Further, the connect-and-energize process increases an environment for deep and continued commitment between utility and DER customer. This obligation is crucial if the utility hopes to leverage customers and their DERs as resources.
From a distribution operations perspective, the utility can now treat the Garcias’ DER as a grid-side resource, and integrate it into the network model, where the DER is visible. In this way, the entire grid—including DERs—is now contributing data, with location-based profiling and the ability to apply DER supply on demand. On a macro level, the utility can begin extracting value from the volumes of complex data customer-connected DERs across its system. This data can be used in several divergent operational areas, including outage management, load shifting, demand response programs and more.
The utility also needs to approach DER service and maintenance differently. Once the DER is visible to the utility, it can be managed proactively within the context of the network model, with an eye on asset impact. It also opens new revenue opportunities where the utility may be able (depending upon regulations and geography) to deliver new, value-based services to Mr. and Mrs. Garcia. These might include alerting them when their solar panel output is dropping and their PV system needs maintenance, or increasing their choice to be able to participate in demand response or load shifting programs, or the sale of their excess or stored DER generation into other, third-party markets.

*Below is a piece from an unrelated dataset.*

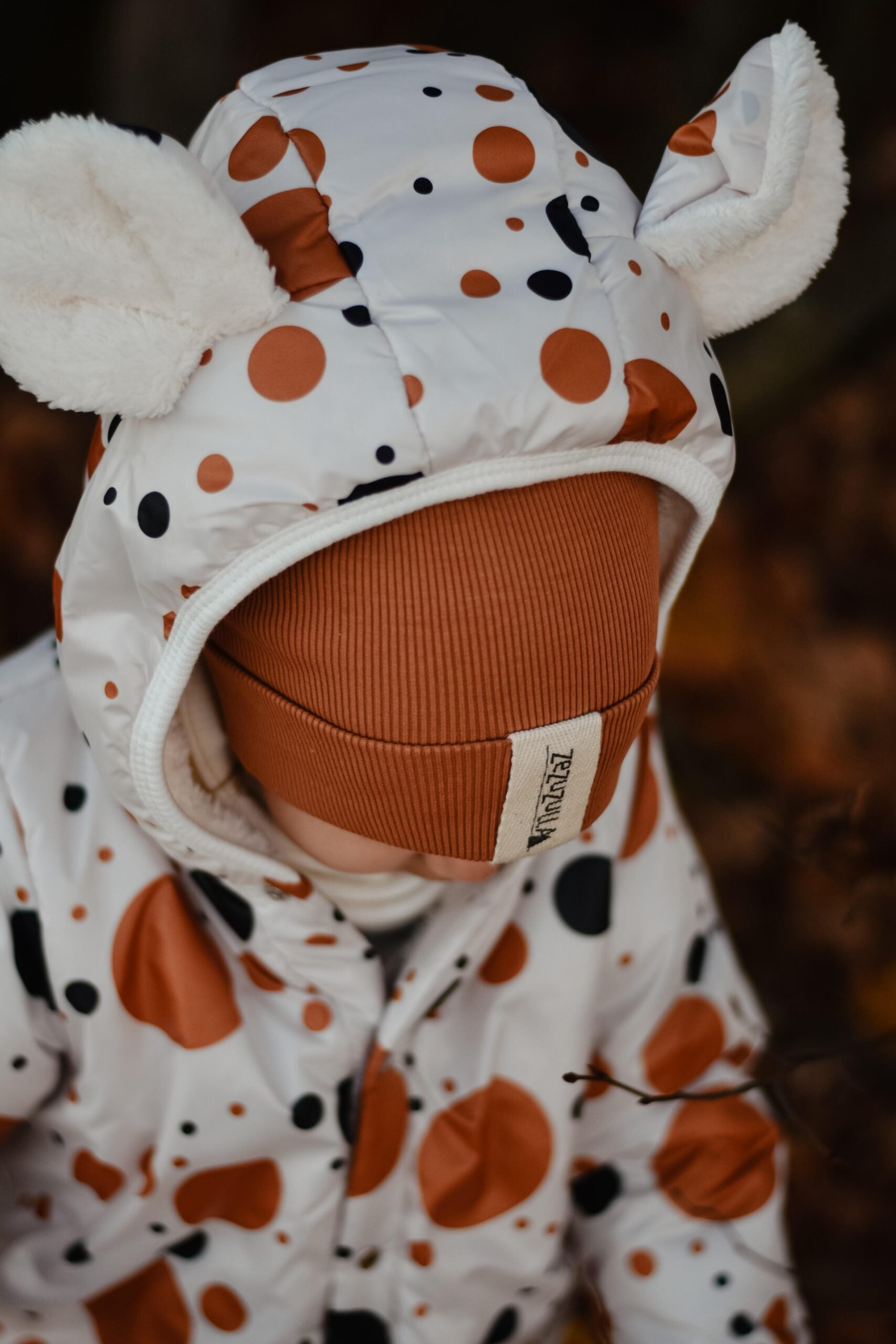 Winter Jumpsuit with Teddy Lining for Babies and Kids - Black and Orange Dots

With full visibility of the entire network, outage management can be handled differently, too. For example, during an outage event, customers with self-supply DERs could be re-prioritized in favor of other urgently impacted critical infrastructure locations. As long as the self-supply DER locations are re-energized prior to exhausting their own energy supply, those DER customers avoid an outage, while others experience an outage of shorter duration. DERs can also be leveraged during a FLISR event: if a circuit that has been re-configured becomes overloaded, available DERs can help to alleviate that condition.

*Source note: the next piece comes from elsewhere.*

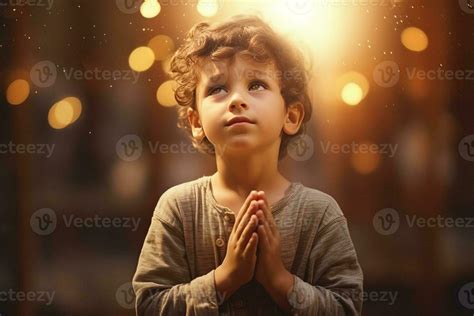 Cute Small Boy Praying In The Church And Jesus Giving Blessing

Once the DER is integrated into the network, the utility can leverage its value in planning and operating models. This will defer the need to build new generation or T&D infrastructure with these “non-wires alternatives (NWA)”. And finally, once all these measures are successfully incorporated into the system, the utility can circle back to Mr. and Mrs. Garcia and to its other DER-connected customers with new programs, new information, and new models for continuing customer engagement and interaction, increasing both participation and revenue.
The path forward
Using a platform-based approach to grid optimization provides the benefits of being able to fully incorporate distributed grid management with an holistic, enterprise-approach. Instead of the traditional, independent system-based efforts, an integrated approach is the next befitting step forward. Amalgamating future customer demands cost-effectively with regulatory changes, grid operations, asset management and workforce optimization will contribute to scale newer heights. While the ultimate roadmap to success is not one-size-fits-all, it begins by executing on a strategy that puts all the pieces of the grid management puzzle together and unlocks opportunities not just in one area, but across the entire utility enterprise.